A place where rules pretended to be absolute.

"By entering Paraxis, I wasn't challenging power. I was challenging precedent."

He recalled Boreh.

The Creator's spirit—obedient, terrified, not evil.

"I didn't overpower Boreh at first," Lucien admitted. "I made it change the rules as if it had always been that way."

A faint smile.

"That's the difference between force and authority."

The Watchers had believed reality was fixed.

Lucien showed them it was optional.

"And then," his voice lowered, "there was Loki."

"Loki wasn't the Creator," Lucien said. "But he upheld the illusion that the Creator was untouchable."

A shadow crossed his expression.

"As long as Loki existed, the system still had a middle manager."

Lucien shook his head.

"So I erased him."

Not as vengeance.

Not as cruelty.

"As maintenance."

"Leaving only one being at the top."

His gaze lifted, piercing upward through layers of reality.

"The Corrupted Creator."

Lucien returned to his throne, sitting once more.

"Only after all of that," he said, "did I choose to know all things at once."

The omniverse felt it again—the moment when awareness exploded outward infinitely.

"And that's when everything connected."

"The story was corrupted when I was a child."

The statement was quiet.

Not bitter.

Just… resolved.

"I didn't know it then."

He looked inward now.

"When I woke up in the White, I had no past."

No childhood.

No memories.

"No origin."

Lucien's fingers tightened slightly.

"I opened my eyes… and I was already there."

White.

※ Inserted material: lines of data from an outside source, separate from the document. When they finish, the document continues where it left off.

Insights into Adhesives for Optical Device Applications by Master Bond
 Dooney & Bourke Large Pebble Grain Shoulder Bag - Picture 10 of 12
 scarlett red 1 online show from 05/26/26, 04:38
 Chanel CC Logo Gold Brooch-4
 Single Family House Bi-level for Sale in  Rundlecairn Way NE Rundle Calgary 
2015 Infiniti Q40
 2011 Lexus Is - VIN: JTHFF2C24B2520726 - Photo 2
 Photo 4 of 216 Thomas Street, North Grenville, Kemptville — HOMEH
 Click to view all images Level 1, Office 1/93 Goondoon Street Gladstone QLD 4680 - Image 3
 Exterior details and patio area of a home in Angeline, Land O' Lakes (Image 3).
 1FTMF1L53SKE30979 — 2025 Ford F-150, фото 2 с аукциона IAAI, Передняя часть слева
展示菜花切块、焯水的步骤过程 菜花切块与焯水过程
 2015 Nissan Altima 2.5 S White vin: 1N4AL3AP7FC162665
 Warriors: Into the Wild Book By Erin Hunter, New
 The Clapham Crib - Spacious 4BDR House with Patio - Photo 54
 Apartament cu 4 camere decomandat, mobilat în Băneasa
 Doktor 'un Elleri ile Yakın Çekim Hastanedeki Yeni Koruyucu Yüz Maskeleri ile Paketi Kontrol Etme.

Infinite. Silent.

"I only knew one thing."

His name.

"Lucien Dreamveil."

That was all.

"The monsters came next," he continued. "Endless. Older than meaning. Existing only to erase."

He remembered killing them—not with skill, but instinct.

"And with each one I killed… fragments came back."

A mother's voice.

A father's presence.

Warmth.

"My parents," Lucien said softly. "That's all I remembered at first."

Nothing about the world.

Nothing about how I got there.

Nothing about why the White existed.

"That's why my story seemed to start in the middle," he explained. "Because it did."

The omniverse felt the truth settle.

"The corruption erased my beginning."

"But now," Lucien said, lifting his head, "I know everything."

All timelines.

All possibilities.

"All versions of myself."

He saw them.

A Lucien who was never special—living a quiet life, growing old, dying forgotten.

A Lucien who became a god—but not the Sole Exception.

A Lucien who failed.

"And this one," he said, eyes narrowing slightly, "the one you're witnessing now."

He saw his childhood on Aetherion.

Before the first calamity.

Before the fractures.

Before the fall.

"I remember growing up," Lucien said. "I remember laughter. Training. Fear. Wonder."

He paused.

"I remember when everything broke."

And beyond that—

He saw the far past of this timeline.

The Original Creator.

The False Creator.

The corruption taking root.

"All of it," Lucien said. "Nothing is hidden from me anymore."

"When the conditions were complete," Lucien continued, "I merged every title, every ability, every authority I had ever possessed."

Not stacked.

Not layered.

"Integrated."

"And from that," he said, "I created my personal laws."

Not governing reality.

"Governing me."

He smiled.

"That's when I became the True Sole Exception."

A being who exists even when the story doesn't.

A being who remembers timelines that never happened.

A being who could have ended it all—

"But didn't," Lucien finished quietly.

Because strength without purpose is empty.

And purpose without understanding is tyranny.

Lucien leaned back on his throne.

"I chose this path because it was the only one that led outside."

He looked upward once more, toward the Creator's realm.

"Now there's only a few chapters left."

The corrupted Creator.

And the ending it refuses to accept.

Lucien smiled faintly.

"Let's finish the story properly this time."